◆ DATA SUPPLIED
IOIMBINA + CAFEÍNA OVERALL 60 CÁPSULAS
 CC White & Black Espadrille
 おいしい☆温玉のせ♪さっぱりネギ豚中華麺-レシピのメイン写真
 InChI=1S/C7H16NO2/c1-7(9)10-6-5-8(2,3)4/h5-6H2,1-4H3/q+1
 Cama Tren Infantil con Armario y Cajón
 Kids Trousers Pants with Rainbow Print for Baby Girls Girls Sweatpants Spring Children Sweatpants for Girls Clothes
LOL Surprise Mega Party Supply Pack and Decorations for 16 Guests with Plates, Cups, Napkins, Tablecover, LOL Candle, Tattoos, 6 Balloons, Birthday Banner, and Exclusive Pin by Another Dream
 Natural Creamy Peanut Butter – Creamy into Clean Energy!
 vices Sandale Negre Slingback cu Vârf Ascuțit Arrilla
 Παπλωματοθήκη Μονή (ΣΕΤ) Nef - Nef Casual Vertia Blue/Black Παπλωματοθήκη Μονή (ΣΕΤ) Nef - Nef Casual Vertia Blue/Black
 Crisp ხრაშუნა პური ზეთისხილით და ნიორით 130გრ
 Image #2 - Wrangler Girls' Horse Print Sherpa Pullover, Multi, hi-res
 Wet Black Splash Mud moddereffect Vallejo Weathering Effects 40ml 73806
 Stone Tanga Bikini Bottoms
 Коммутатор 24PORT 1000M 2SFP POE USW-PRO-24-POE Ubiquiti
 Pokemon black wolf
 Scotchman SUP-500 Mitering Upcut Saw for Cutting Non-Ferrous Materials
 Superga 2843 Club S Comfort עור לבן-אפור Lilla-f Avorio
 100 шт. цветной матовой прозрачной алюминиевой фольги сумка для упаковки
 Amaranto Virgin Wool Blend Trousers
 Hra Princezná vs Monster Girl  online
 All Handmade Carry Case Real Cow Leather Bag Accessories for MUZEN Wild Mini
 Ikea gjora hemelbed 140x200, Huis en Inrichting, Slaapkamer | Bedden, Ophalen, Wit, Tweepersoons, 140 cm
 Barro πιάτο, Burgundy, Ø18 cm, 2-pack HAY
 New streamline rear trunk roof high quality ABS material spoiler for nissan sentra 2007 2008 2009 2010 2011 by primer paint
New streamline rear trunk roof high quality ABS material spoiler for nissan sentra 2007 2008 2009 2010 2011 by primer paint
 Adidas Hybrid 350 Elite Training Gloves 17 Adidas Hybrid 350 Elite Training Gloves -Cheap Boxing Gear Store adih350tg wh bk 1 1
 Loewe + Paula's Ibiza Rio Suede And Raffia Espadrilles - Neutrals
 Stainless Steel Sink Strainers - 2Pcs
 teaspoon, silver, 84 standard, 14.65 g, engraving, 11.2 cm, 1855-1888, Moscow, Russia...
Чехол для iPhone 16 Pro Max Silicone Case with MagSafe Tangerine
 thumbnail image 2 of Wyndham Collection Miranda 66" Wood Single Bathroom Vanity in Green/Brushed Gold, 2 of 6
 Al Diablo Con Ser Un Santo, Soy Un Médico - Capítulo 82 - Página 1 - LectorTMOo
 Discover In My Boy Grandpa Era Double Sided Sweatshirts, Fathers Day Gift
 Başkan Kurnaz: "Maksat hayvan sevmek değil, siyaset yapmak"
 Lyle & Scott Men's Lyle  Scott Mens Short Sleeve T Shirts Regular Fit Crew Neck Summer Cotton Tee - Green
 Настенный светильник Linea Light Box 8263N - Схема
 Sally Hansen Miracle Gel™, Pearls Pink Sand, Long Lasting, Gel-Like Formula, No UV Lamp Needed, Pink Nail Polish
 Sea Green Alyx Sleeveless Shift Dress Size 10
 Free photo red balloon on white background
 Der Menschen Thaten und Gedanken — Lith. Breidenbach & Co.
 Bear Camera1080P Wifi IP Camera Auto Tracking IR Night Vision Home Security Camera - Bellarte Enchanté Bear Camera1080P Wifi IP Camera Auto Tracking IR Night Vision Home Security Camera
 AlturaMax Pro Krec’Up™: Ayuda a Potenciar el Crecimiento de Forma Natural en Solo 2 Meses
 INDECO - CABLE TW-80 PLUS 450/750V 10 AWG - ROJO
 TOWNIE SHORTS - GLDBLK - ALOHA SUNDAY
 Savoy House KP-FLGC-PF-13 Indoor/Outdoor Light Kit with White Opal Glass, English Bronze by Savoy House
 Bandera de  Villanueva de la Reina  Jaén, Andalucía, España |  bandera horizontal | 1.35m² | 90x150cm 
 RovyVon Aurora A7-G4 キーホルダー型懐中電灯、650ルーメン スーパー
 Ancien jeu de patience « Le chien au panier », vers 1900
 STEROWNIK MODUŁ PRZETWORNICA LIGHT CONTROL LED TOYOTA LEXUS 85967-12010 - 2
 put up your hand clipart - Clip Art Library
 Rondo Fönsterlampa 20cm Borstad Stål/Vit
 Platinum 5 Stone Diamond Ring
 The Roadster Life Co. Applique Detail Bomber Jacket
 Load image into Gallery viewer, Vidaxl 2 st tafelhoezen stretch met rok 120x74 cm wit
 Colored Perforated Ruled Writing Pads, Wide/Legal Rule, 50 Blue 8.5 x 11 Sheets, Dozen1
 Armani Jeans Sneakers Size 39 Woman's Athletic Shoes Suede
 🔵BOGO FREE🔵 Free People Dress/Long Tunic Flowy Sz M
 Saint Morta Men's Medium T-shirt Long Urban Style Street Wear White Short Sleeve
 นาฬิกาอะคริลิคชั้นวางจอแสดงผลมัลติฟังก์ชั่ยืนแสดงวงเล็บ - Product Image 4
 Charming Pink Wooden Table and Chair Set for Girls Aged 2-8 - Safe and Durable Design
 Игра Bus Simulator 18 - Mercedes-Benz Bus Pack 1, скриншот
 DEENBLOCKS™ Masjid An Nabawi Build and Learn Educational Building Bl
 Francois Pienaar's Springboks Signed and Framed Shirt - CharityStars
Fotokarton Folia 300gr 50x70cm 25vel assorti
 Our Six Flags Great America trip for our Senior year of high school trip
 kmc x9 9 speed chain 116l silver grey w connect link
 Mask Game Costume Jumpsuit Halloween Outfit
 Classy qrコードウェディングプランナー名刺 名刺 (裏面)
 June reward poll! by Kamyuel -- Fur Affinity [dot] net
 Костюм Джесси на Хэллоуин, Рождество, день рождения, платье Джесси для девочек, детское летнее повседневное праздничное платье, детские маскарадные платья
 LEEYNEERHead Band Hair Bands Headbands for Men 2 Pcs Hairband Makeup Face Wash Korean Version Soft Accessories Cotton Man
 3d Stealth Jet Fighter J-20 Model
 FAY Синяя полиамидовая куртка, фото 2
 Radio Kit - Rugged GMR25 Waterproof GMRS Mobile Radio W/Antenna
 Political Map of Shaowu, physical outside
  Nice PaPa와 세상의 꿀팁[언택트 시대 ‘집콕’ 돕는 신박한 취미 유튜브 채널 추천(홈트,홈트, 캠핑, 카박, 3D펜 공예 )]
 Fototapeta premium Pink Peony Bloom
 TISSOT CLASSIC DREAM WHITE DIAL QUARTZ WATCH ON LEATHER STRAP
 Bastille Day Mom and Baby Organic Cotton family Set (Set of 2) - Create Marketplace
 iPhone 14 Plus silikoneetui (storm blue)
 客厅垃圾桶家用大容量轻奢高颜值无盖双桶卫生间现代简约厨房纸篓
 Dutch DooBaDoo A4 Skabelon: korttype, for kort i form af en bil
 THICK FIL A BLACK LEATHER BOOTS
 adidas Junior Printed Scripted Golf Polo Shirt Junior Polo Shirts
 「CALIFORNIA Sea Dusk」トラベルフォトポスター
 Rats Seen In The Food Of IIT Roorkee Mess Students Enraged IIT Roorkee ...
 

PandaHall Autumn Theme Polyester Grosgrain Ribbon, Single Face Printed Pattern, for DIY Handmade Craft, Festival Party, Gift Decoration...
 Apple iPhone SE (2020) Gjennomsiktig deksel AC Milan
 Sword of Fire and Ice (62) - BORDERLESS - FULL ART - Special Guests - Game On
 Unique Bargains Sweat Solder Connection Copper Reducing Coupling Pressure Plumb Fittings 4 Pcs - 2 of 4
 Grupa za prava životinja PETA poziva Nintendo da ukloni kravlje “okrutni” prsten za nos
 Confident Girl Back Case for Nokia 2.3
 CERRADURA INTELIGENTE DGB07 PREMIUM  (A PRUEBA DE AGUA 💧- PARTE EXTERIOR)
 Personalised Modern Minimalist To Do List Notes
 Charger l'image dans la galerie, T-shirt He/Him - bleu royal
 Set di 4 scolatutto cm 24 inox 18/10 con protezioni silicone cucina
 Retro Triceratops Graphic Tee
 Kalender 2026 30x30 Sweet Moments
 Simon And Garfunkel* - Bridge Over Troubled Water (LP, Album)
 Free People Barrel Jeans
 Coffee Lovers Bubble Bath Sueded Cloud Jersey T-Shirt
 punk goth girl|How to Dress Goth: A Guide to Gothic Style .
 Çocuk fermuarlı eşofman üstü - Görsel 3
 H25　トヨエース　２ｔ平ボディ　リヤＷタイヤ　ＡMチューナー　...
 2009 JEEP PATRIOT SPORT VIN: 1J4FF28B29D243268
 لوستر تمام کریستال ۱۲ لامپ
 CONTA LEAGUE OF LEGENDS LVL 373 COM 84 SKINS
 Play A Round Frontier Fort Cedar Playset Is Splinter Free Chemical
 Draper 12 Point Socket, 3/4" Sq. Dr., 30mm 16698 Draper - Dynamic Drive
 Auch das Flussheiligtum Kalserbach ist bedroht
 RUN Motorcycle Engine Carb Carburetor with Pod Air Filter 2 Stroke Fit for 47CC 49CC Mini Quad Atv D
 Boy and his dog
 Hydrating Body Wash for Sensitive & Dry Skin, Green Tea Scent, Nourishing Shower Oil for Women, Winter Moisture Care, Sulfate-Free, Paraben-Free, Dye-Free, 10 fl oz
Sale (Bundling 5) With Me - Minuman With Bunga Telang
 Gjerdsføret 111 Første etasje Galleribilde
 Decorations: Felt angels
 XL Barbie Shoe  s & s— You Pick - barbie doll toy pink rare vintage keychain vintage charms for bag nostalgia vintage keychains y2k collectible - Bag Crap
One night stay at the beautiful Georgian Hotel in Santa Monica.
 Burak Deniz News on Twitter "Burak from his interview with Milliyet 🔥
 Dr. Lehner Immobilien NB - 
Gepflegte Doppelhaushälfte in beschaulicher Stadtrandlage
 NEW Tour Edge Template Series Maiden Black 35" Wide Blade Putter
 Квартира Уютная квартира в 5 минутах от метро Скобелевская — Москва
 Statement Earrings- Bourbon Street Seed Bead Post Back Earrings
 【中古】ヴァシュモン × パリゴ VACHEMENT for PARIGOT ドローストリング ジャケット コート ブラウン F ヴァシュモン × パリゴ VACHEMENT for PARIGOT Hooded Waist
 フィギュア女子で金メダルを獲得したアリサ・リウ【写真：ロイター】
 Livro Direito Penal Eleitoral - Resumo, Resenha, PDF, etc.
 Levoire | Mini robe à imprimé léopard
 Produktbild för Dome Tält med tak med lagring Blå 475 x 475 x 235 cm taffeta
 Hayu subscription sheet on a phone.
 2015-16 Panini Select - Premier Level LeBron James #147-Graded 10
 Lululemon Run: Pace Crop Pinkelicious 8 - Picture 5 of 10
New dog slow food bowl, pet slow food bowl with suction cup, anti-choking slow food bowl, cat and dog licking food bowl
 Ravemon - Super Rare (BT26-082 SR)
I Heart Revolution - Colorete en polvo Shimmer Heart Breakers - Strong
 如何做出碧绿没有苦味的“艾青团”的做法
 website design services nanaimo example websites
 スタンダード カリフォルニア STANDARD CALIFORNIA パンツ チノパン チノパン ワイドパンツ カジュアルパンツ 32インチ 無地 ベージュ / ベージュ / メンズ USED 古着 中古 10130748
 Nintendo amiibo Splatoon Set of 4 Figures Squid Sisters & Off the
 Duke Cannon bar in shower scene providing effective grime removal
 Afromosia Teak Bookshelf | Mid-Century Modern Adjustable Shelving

◆ EXERCISE DIRECTIONS
All lines in the listing above from the line containing "Load image into" to the line containing "Tunic Flowy Sz M", inclusive, should be retyped exactly; no other lines should appear.

◆ SOLVED PROBLEM
 Load image into Gallery viewer, Vidaxl 2 st tafelhoezen stretch met rok 120x74 cm wit
 Colored Perforated Ruled Writing Pads, Wide/Legal Rule, 50 Blue 8.5 x 11 Sheets, Dozen1
 Armani Jeans Sneakers Size 39 Woman's Athletic Shoes Suede
 🔵BOGO FREE🔵 Free People Dress/Long Tunic Flowy Sz M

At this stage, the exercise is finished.